UVA 10003 - Cutting Sticks
最优矩阵链乘问题:状态转移方程如下:(比较繁琐,稍后会有优化版)
f[i][j] = f[i][k] + f[k][j] + a[j] - [i];//a[]存储切点i,j代表线段的头和尾
利用递推运算,先把线段之间没有切点的收费情况即f[i][j]赋值为零,然后利用这个推出线段之间只有一个切点的线段,如此不断扩大,当线段的头尾一个是0一个是给出的长度,也就AC了:
代码如下:(此代码不理想,浪费空间,但可AC)
#include<stdio.h>
#include<string.h>
#define INF 0x7fffffff
#define MAXN 1000 + 10
int L, num, a[55], f[MAXN][MAXN];
void solve()
{
//for(int i = 0; i < MAXN; i ++)
// for(int j = 0; j < MAXN; j ++)
// f[i][j] = 1100;
for(int i = 0; i <= num ; i ++)
f[a[i]][a[i+1]] = 0;
for(int j = 2;j <= num + 1 ;j ++)
for(int i = 0; i+j <= num+1; i ++)
{
f[a[i]][a[i+j]] = INF;
for(int k = i+1; k < i +j; k ++)
if(k>i)
{
if(f[a[i]][a[i + j]]>(f[a[i]][a[k]]+f[a[k]][a[i+j]]+a[i+j]-a[i]))

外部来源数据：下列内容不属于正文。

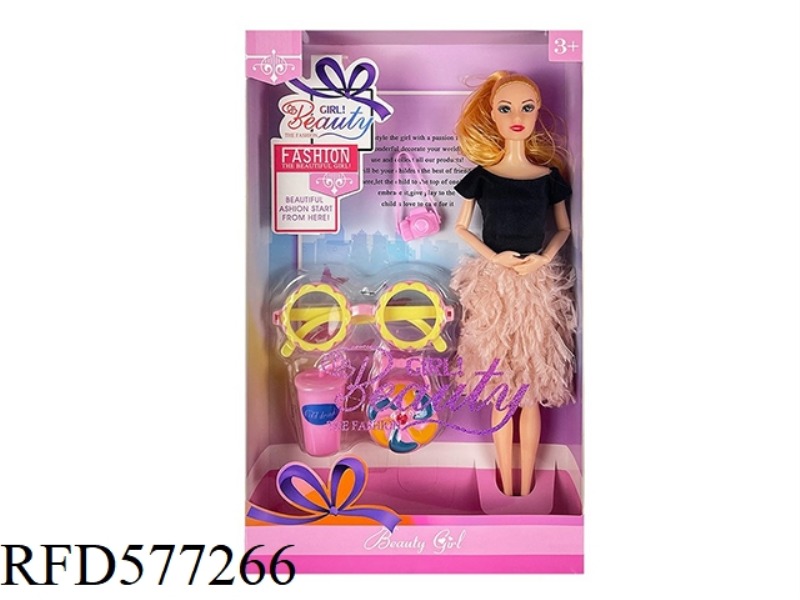 11.5 INCH 9-JOINT LEISURE SUIT FASHION BARBIE PLASTIC ACCESSORIES WITH GLASSES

f[a[i]][a[i + j]] = f[a[i]][a[k]]+f[a[k]][a[i+j]]+a[i+j]-a[i];
}
}
printf("The minimum cutting is %d.\n",f[0][L]);
}
void input()
{
while(scanf("%d",&L) == 1)
{
if(L == 0) break;
scanf("%d",&num);
a[0] = 0;
for(int i = 1; i <= num; i ++)
scanf("%d",&a[i]);
a[num+1] = L;
solve();
}
}
int main()
{
input();
return 0;
}
这个代码好一点:(0.172s)
#include<stdio.h>
#include<string.h>
#define INF 0x7fffffff
#define MAXN 60
int L, num, a[55], f[MAXN][MAXN];
void solve()
{
for(int i = 0; i <= num ; i ++)
f[i][i+1] = 0;
for(int j = 2;j <= num + 1 ;j ++)
for(int i = 0; i+j <= num+1; i ++)
{
f[i][i+j] = INF;
for(int k = i+1; k < i +j; k ++)
if(k>i)
{
if(f[i][i + j]>(f[i][k]+f[k][i+j]+a[i+j] - a[i]))
f[i][i + j] = f[i][k] + f[k][i+j] + a[i+j] - a[i];
}
}
printf("The minimum cutting is %d.\n",f[0][num+1]);
}
void input()
{
while(scanf("%d",&L) == 1)
{
if(L == 0) break;
scanf("%d",&num);
a[0] = 0;
for(int i = 1; i <= num; i ++)
scanf("%d",&a[i]);
a[num+1] = L;
solve();
}
}
int main()
{
input();
return 0;
}